#' Summary for a PLBPSM fit
#'
#' Takes a fitted \code{plbpsm} object produced by \code{plbpsm()} and produces various useful summaries from it.
#' @importFrom stats pnorm pt pchisq pf var
#' @param object a fitted \code{plbpsm} object as produced by \code{plbpsm()}.
#' @param x a \code{summary.plbpsm} object produced by \code{summary.plbpsm()}.
#' @param dispersion a value for the dispersion parameter: not normally used.
#'@param digits controls number of digits printed in output.
#'@param signif.stars Should significance stars be printed alongside output.
#'@param h_opt the bandwidth given for Spline-backfitting local estimator, default is \code{NULL}.
#'@param X0 the new predict matrix for obtaining simultaneous confidence band.
#' @param ... other arguments.
#' @method summary plbpsm
#' @return \code{summary.plbpsm} produces a list of summary information for a fitted \code{plbpsm} object.
#'\item{p.coeff}{is an array of estimates of the strictly parametric model coefficients.}
#'\item{p.t}{is an array of the \code{p.coeff}'s divided by their standard errors.}
#' \item{p.pv}{is an array of p-values for the null hypothesis that the corresponding parameter is zero.
#' Calculated with reference to the t distribution with the estimated residual
#' degrees of freedom for the model fit if the dispersion parameter has been
#' estimated, and the standard normal if not.}
#' \item{m}{The number of smooth terms in the model.}
#' \item{se}{array of standard error estimates for all parameter estimates.}
#' \item{r.sq}{The adjusted r-squared for the model.
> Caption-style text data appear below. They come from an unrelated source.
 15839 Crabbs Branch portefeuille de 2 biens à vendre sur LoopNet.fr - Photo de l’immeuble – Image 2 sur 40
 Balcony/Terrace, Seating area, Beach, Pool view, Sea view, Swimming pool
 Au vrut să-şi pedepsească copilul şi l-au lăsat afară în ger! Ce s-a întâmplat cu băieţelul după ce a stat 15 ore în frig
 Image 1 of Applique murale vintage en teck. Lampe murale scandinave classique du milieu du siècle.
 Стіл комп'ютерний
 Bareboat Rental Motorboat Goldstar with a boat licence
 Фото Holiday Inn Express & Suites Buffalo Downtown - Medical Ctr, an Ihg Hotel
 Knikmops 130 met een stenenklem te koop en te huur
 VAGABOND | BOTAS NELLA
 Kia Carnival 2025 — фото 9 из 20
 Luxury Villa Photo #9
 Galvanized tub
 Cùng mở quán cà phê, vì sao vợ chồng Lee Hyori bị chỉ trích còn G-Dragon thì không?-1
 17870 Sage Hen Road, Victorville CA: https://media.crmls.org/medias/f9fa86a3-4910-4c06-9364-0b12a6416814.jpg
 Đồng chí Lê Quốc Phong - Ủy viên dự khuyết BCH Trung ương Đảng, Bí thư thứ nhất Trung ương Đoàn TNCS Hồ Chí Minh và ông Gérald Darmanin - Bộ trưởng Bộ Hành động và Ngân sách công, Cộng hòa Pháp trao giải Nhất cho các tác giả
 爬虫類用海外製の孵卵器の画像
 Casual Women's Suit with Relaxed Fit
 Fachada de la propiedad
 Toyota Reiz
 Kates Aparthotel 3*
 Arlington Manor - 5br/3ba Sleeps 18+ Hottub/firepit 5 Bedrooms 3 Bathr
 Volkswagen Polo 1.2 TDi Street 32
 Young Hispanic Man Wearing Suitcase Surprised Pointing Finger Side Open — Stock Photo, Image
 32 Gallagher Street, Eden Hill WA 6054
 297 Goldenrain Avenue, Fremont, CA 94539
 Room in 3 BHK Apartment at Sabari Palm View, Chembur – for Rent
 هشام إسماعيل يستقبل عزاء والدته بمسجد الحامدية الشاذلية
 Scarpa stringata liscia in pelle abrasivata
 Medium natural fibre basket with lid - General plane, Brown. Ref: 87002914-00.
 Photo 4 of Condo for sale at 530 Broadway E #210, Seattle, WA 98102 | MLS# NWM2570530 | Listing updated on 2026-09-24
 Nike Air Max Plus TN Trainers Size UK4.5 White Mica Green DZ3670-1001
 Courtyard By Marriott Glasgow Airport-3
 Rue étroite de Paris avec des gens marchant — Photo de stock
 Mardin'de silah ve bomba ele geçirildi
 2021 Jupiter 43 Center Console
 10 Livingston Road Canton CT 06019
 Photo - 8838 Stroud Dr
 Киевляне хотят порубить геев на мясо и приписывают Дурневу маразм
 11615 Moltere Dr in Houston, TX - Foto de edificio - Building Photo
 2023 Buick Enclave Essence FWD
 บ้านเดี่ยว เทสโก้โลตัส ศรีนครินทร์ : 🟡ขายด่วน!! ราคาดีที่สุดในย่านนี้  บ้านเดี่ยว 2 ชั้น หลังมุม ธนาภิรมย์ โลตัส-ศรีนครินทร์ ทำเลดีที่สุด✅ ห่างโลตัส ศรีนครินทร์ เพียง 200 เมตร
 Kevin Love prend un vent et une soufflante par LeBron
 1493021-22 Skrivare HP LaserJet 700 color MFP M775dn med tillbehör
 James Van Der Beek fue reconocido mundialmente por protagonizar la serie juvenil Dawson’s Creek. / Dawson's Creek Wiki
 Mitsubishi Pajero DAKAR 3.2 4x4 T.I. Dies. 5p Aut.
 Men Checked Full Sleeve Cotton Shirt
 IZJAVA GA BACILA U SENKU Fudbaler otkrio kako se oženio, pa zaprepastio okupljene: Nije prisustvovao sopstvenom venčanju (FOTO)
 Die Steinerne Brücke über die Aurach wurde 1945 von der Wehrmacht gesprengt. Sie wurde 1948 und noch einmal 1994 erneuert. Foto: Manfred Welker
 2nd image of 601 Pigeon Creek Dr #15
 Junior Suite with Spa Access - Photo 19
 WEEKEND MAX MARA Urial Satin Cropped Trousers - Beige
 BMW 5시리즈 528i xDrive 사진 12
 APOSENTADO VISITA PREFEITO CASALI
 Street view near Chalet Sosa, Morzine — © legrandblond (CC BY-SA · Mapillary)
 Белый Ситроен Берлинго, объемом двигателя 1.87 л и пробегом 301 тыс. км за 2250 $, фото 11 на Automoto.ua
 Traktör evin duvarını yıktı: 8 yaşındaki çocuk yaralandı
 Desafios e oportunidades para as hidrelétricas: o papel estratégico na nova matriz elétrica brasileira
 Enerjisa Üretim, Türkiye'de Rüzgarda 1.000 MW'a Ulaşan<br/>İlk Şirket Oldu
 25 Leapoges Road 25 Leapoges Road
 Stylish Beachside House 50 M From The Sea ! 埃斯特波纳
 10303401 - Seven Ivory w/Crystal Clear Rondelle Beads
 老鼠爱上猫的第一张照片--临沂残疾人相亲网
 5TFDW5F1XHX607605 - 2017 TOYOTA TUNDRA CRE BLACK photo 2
Defined as the proportion of variance explained, where original variance and
#' residual variance are both estimated using unbiased estimators. This quantity can be negative if your model is worse than a one
#' parameter constant model, and can be higher for the smaller of two nested models! The proportion null deviance
#' explained is probably more appropriate for non-normal errors. Note that \code{r.sq} does not include any offset in the one parameter model.}
#' \item{dev.expl}{The proportion of the null deviance explained by the model. The null deviance is computed taking account of any offset, so
#' \code{dev.expl} can be substantially lower than \code{r.sq} when an offset is present.}
#' \item{edf}{array of estimated degrees of freedom for the model terms.}
#' \item{residual.df}{estimated residual degrees of freedom.}
#' \item{n}{number of data.}
#' \item{np}{number of model coefficients (regression coefficients, not smoothing parameters or other parameters of likelihood).}
#' \item{criterion}{The criterion to choose the penalty parameter lambda. \code{"GCV"} to use
#' generalized cross validation method and \code{"CV"} for cross validation}
#' \item{family}{The family object, specifying the distribution and link to use.}
#' \item{method}{'ALASSO' or 'SCAD' to penalize the coefficients for parametric part.}
#' \item{formula}{the original PLBPSM formula.}
#' \item{dispersion}{the scale parameter.}
#' \item{pTerms.df}{the degrees of freedom associated with each parametric term
#' (excluding the constant).}
#' \item{pTerms.chi.sq}{a Wald statistic for testing the null hypothesis that the
#' each parametric term is zero.}
#' \item{pTerms.pv}{p-values associated with the tests that each term is
#' zero. For penalized fits these are approximate. The reference distribution
#' is an appropriate chi-squared when the
#' scale parameter is known, and is based on an F when it is not.}
#' \item{cov.scaled}{The estimated covariance matrix of the parameters.}
#' \item{p.table}{significance table for parameters}
#' \item{p.Terms}{significance table for parametric model terms}
#' \item{gcv_opt}{The optimized gcv score.}
#' \item{cv_opt}{The optimized cv score.}
#' \item{bands}{A list of confidence bands for univaratie functions estimates.}
#' \item{mhat}{The estimated values for each linear or nonlinear term.}
#'@examples
#' library(MASS)
#' library(grpreg)
#' library(BPST)
#' data("eg1pop_dat")
#' eg1_V2=eg1pop_dat[['V2']]
#' eg1_T2=eg1pop_dat[['T2']]
#' eg1pop_rho03=eg1pop_dat[['rho03']]
#' sam=eg1pop_rho03[sample(1:dim(eg1pop_rho03)[1],100),]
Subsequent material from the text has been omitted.